HSBC flags rupiah-driven risks as Indonesia growth cools and inflation rises in 2026

by VT Markets
/
Jun 26, 2026

HSBC strategists said Indonesia’s GDP and inflation backdrop has been resilient, but argued an energy shock is beginning to weigh on activity and the balance of payments. Recent indicators point to softer momentum, including declines in retail spending, consumer sentiment and export orders. Fiscal spending has been frontloaded, which they said could imply tighter conditions later in the year as authorities seek to comply with the 3% fiscal cap.

They forecast GDP growth of 4.7% year-on-year in 2026, down from 5.1% in 2025, while projecting inflation averaging 3.5% in 2026 versus 1.9% in 2025. PMI input prices have risen and are feeding into output prices. The strategists linked rupiah weakness to external accounts, expecting the balance of payments to record a second consecutive annual deficit in 2026. They cited a current account shortfall of -0.1% of GDP in 2025 alongside capital inflows of -0.3% of GDP, and pointed to corporates holding cash but remaining reluctant to invest.

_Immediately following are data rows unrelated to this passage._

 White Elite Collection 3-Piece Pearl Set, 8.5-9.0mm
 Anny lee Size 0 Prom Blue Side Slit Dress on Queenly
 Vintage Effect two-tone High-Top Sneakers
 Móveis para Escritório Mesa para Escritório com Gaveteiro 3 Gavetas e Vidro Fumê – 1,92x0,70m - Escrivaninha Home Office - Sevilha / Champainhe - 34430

Currency Weakness and Market Strategies

We see the Indonesian Rupiah’s depreciation as the main issue to watch, driven by a weak balance of payments. The IDR has recently breached the 16,500 level against the US dollar, reflecting poor capital inflows. Derivative traders should consider positioning for further currency weakness, potentially through buying USD/IDR call options to profit from a continued decline.

The slowdown in the broader economy, marked by falling retail sales and consumer sentiment, creates a headwind for Indonesian equities. Bank Indonesia’s latest consumer confidence survey showed a drop to 115.5, the lowest reading this year, signaling cautious household spending. We believe this justifies buying put options on the Jakarta Composite Index (JCI) to hedge against a potential market downturn.

Inflation Outlook and Investment Concerns

With inflation forecast to rise, we expect pressure on the central bank to tighten monetary policy. The latest inflation print already ticked up to 3.2% year-on-year, and a weak currency will only add to price pressures. This situation, reminiscent of the 2018 emerging market volatility, makes interest rate swaps that bet on higher rates an attractive strategy.

The underlying problem is a lack of investment, even though companies are holding plenty of cash. Foreign Direct Investment (FDI) data for the first quarter of 2026 confirmed this trend, showing a 15% drop compared to the previous year. This suggests the economic weakness is not a temporary shock but a more persistent issue, reinforcing our cautious outlook for the coming weeks.